Before a baby comes.
Bring them around young babies. Exposing children to young babies gives them an idea of what to expect when their own baby comes to the home. Hearing them cry, or seeing them eat will help a child understand what a baby needs and does when they are young.
Tell them the things babies do- cry, use diapers, feeding etc. Showing or telling them about how babies act will help their expectations. When we talked about my sons baby brother coming, he assumed that baby brother was a child his age or older. Not realizing that the baby was going to be young.
Teach them about babies before the baby comes. Show them videos or watch TV programs that feature babies and show what babies do. Talk with your child often about how babies act. Show them babies clothes. Using a doll as a teaching tool is a wonderful idea. Dolls such as cabbage patch dolls can be diapered, some dolls urinate, some have a hole in their mouth so you can bottle feed them. Show your children pictures of birth, and breastfeeding can give a child an idea of what to expect.

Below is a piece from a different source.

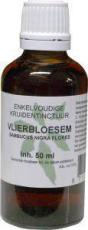 Natura Sanat Sambucus nigra / vlierbloesem tinctuur bio 50ml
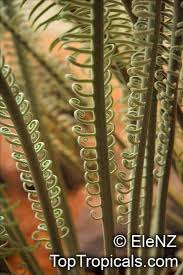 Image result for Cyphia mazoensis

Pick up books at a library about siblings and babies. There are several good books that you can read with your child to help them adjust to the idea of having a new baby in the home.
Bring them with you to prenatal appointments, ultrasound's and let them feel the baby as much as they can and want to. My son got a huge kick out of feeling his baby brother moving. In fact when the baby would stop moving, he would poke my belly until the baby started kicking again. He really enjoyed feeling his brother moving. We explained what the heartbeat was, and how we see the doctor to be sure that his baby brother is safe and healthy.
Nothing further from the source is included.